Le Q-790 (ex-Clemenceau) dans le Port militaire de Toulon (juillet 2004)

Le démantèlement du porte-avions Clemenceau a débuté avec sa vente pour démolition le 14 avril 2003. Retardé plusieurs années, l'opération, confiée à la société Able Ship Recycling, sur la rivière Tees (Royaume-Uni) commencera début 2009.

Le Clemenceau a effectué sa dernière sortie à la mer le 16 juillet 1997. Il a été désarmé le 1er octobre 1997. Il relevait depuis le 3 mars 1998 de la Majorité générale, puis du commandant de la Base navale de Toulon.

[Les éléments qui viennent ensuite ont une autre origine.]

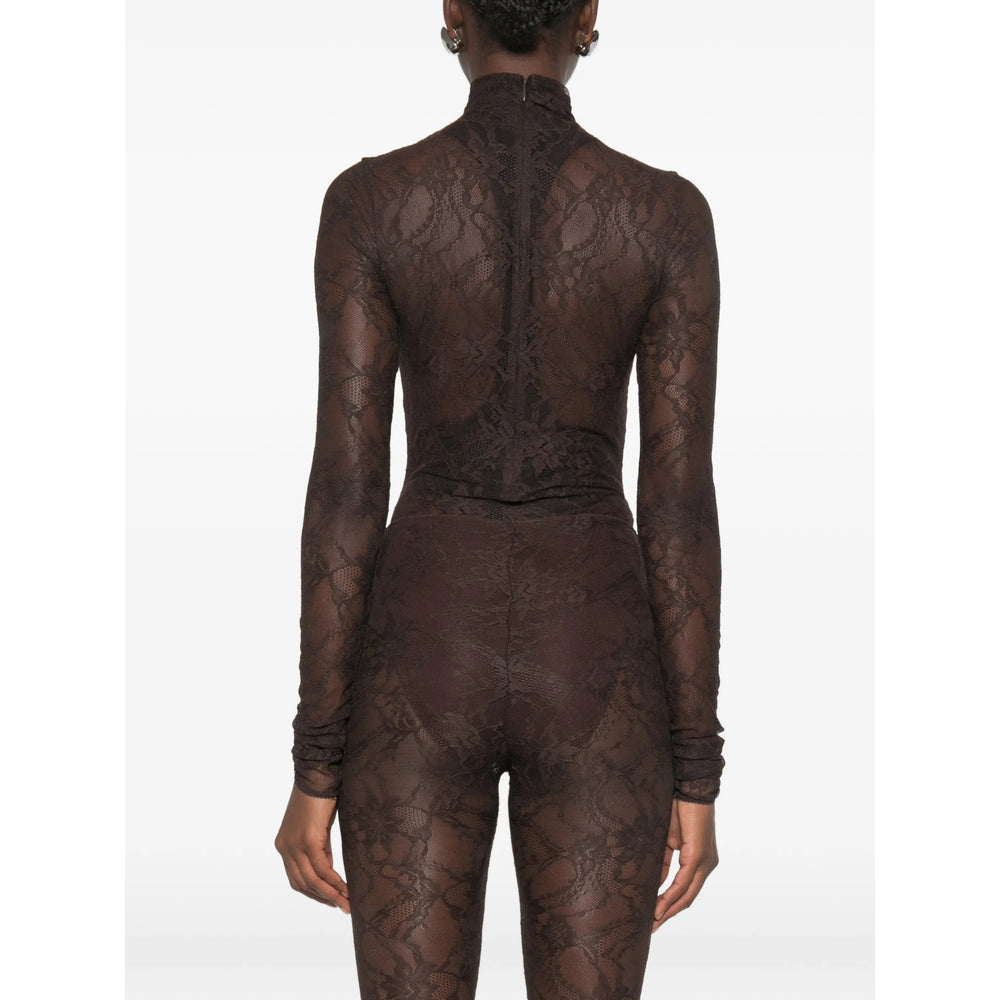 The Andamane Brown Tops - Blouses Women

Alors qu'il était destiné à être démantelé en Espagne, il a été convoyé de façon irrégulière vers la Turquie. Lorsque cela a été constaté, la Marine nationale l'a récupéré à proximité de l'Italie.

Portant le no  de coque Q-790 depuis 2002, ce déchet industriel spécial est vendu pour démolition le 14 avril 2003 au consortium Ship Decomissioning Industries Corporation (SDI), administré par la société allemande Eckhart Marine GmbH, chargée de le désamianter et de le démanteler. La présence d'une grande quantité d'amiante (1000 tonnes) dans les gaines entourant toutes les sources de chaleur et dans les protections thermiques des soutes à munitions et à carburant a retardé son départ pour l'Inde pendant près de trois ans, en raison des obstacles juridiques dressés par un collectif de quatre associations — Greenpeace, l'Association nationale des victimes de l'amiante (ANDEVA), Ban Asbestos et le Comité anti-amiante —, qui jugeaient dangereux le transfert du navire.

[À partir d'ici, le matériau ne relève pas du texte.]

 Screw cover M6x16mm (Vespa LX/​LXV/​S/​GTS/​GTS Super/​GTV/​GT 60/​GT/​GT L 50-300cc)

Après le rejet par le juge des référés du tribunal administratif de Paris des requêtes de ces quatre associations l'ancien porte-avions a appareillé sans encombre du port de Toulon, le samedi 31 décembre 2005 vers 10 h du matin pour le chantier Shree Ram Vessels Scrap Limited d'Alang, en Inde, où il était prévu qu'il soit désamianté et démantelé, encadré par un dispositif de sécurité mis en place par la préfecture maritime. Il était harnaché à quatre remorqueurs de la marine nationale. Une fois au large, un seul d'entre eux, la Carangue, l'a pris en charge et l'a amené en haute mer avant de le remettre au remorqueur de la société SDI, chargée du désamiantage du vaisseau. Se déplaçant à la vitesse de cinq nœuds (environ 9 km/h), le convoi a été escorté par la frégate Aconit jusqu'au canal de Suez. Durant ce transit, des militants écologistes sont montés à bord et y ont manifesté leur opposition au transfert international de ce qu'ils considéraient comme un déchet.

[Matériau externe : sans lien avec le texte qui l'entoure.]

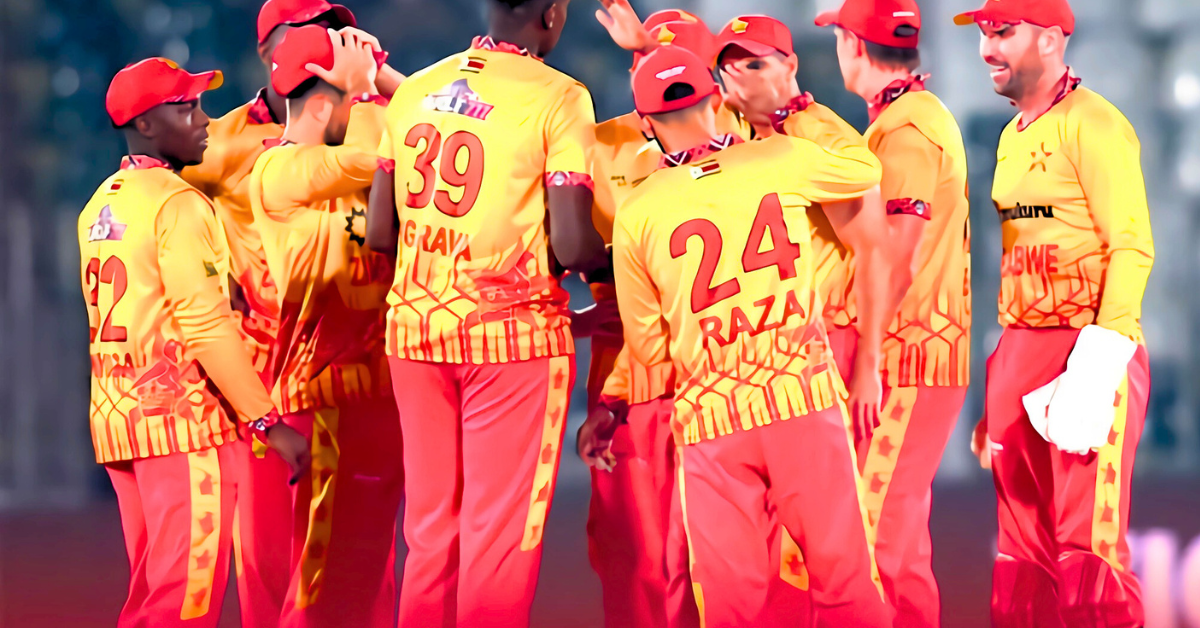 زیمبابوے نے ٹی ٹوئنٹی ورلڈ کپ ۲۰۲۶ کے لیے اپنا مکمل اسکواڈ اعلان کر دیا ہے سکندر رضا کی قیادت میں ٹیم مضبوط اور متوازن ہے ٹی ٹوئنٹی ورلڈ کپ ۲۰۲۶ کے لیے زیمبابوے کا اسکواڈ تیار ہے اہم کھلاڑی اور اسٹار پرفارمرز ٹیم کا حصہ ہیں زیمبابوے کرکٹ ٹیم نے ICC ٹی ٹوئنٹی ورلڈ کپ ۲۰۲۶ کے لیے مضبوط اسکواڈ پیش کیا ہے ہر کھلاڑی کے لیے واضح کردار سکندر رضا کی قیادت میں زیمبابوے ٹیم نے ٹی ٹوئنٹی ورلڈ کپ ۲۰۲۶ کے لیے اپنی تیاری مکمل کر لی ہے شائقین کے لیے خوشخبری زیمبابوے کے کھلاڑی افریقہ کوالیفائر میں شاندار فارم کے بعد عالمی ایونٹ میں اپنے بہترین کھیل کے لیے تیار ہیں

21 janvier 2006 : Les autorités égyptiennes, après avoir bloqué le 12 janvier l'entrée du Clemenceau en attendant des précisions, ont fini par le laisser franchir le canal. Le coût du voyage aller serait de plus de 2,5 millions d'euros, notamment 45 000 euros par jour pour le remorqueur.

Le 15 février 2006, suite au refus de l'Inde d'accueillir le Clemenceau et à la décision du Conseil d'État français, Jacques Chirac, à la veille de sa visite en Inde, a ordonné le rapatriement de celui-ci à Brest en passant près de la Réunion en contournant l'Afrique pour un coût estimé à quatre millions d'euros. Le maire de Brest s'inquiète de la présence future de cette épave dans la rade.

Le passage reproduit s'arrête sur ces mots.